In this section we show how to implement additional currently unsupported
objectives. This can be structured into 5 steps,

1. Verify that the desired objective / likelihood function can be represented via linear, quadratic or conic optimization and solved with a solver available from
**ROI**.
2. Implement a function which takes as input the model matrix $x$, the response $y$
and optional arguments and returns a **ROI** `OP()` which can be solved by a mixed integer solver. Here the first $p+1$ variables of the optimization problem should correspond to $\beta_0, ..., \beta_p$.
3. Create the model object by calling `hglm()` with parameter `dry_run` set to `TRUE`.
4. Replace the `"loglikelihood"` with the new objective.
5. Use `hglm_fit` to fit the model.


## Can my problem be solved by conic optimization?

## Example LAD

### Verify problem can be expressed as conic optimization problem

The least absolute deviation regression problem is defined as,
$$
\underset{\boldsymbol\beta}{\text{minimize }} ~~ || \boldsymbol y - X\boldsymbol \beta ||_1
$$

which can be solved via linear programming.
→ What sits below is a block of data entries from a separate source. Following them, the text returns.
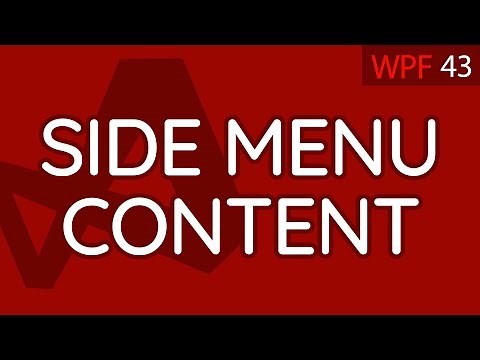 Side Menu Content | C# WPF UI Tutorials: 43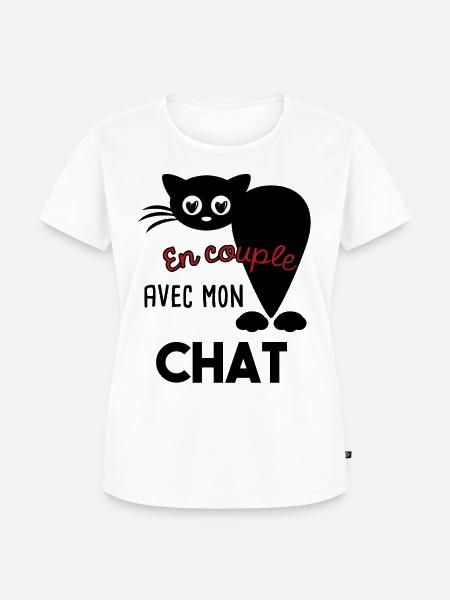 Lustiges Kätzchen - Frauen Premium Bio T-Shirt - Weiß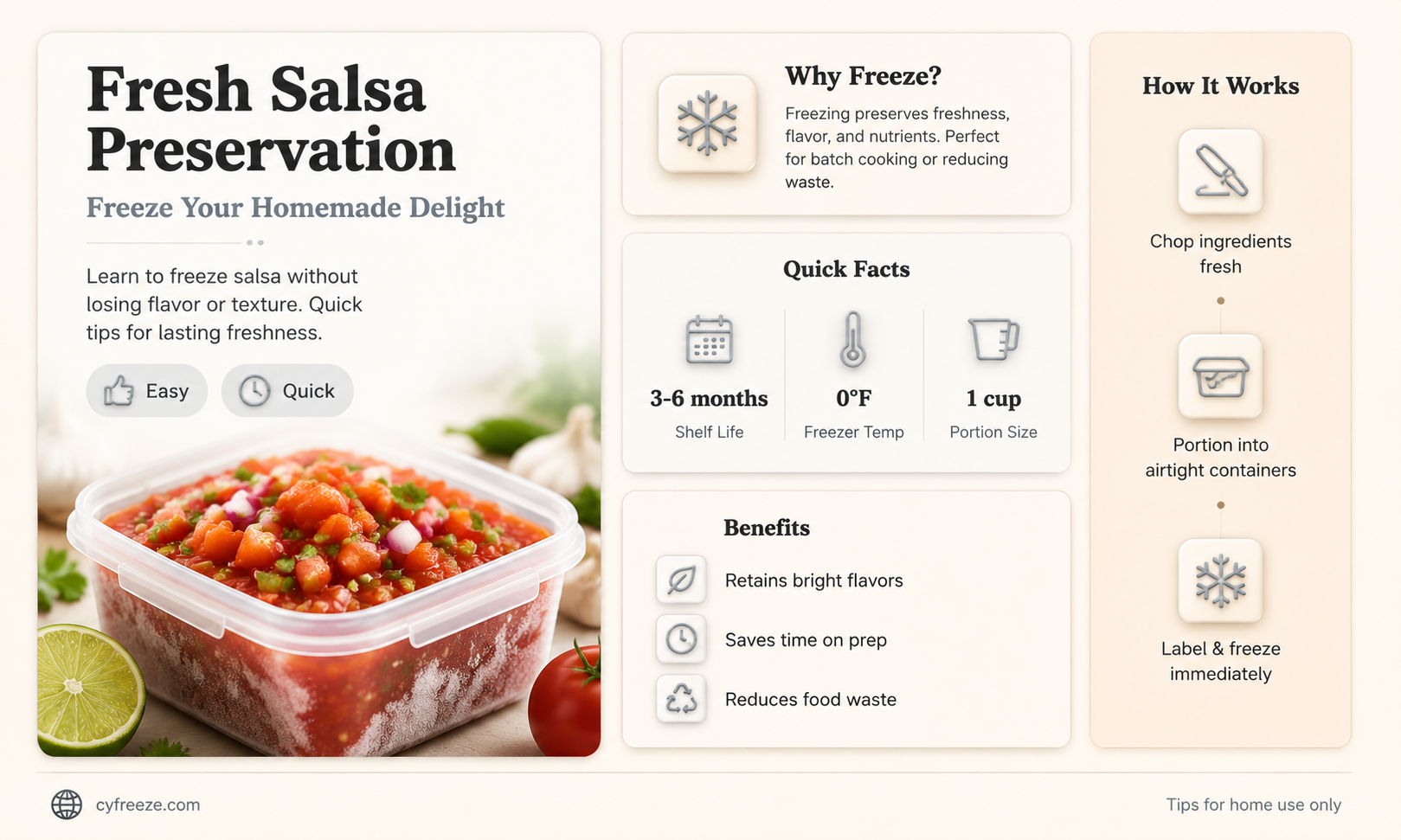 can you freeze fresh salsa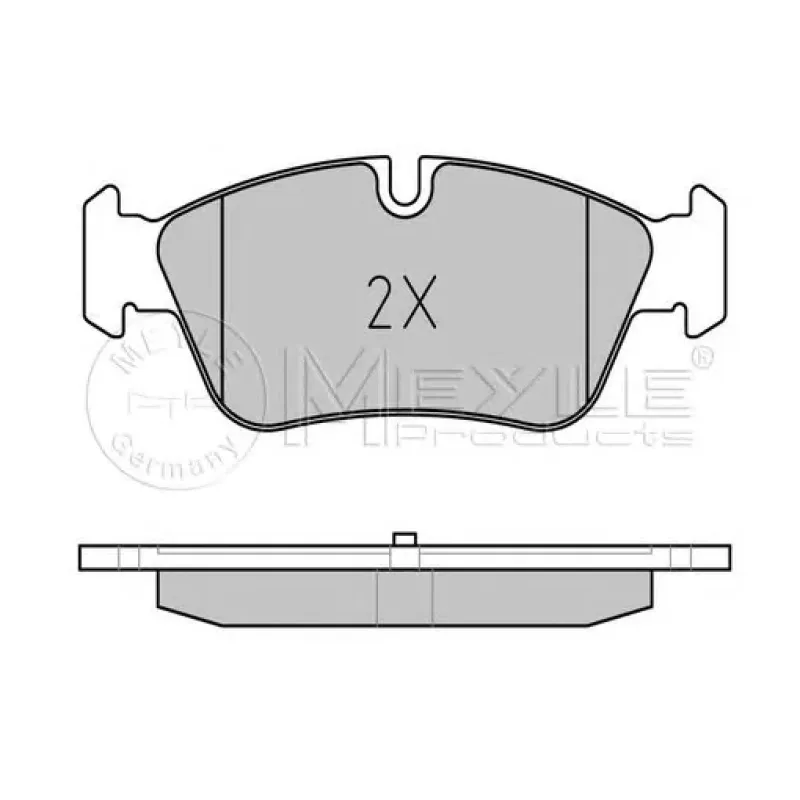 Колодки гальмівні (передні) BMW 3 (E90) 1.6-2.0 i 04-11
### Implement objective function
Often the following reformulation is used, 
\begin{array}{rll}
  \underset{\boldsymbol{\beta}, ~ \boldsymbol{e}^+, ~ \boldsymbol{e}^-}{\text{minimize}} &
  \sum_{i=1}^n e_i^+ + e_i^- \\

  \text{subject to} &
  \boldsymbol{x}^\top_i \boldsymbol{\beta} + e_i^+ - e_i^- = y_i &
  i = 1, \ldots{}, n \\

  &
  e_i^+, e_i^- \geq 0 &
  i = 1,\ldots{},n
\end{array}
see, e.g., [@Charnes:1955].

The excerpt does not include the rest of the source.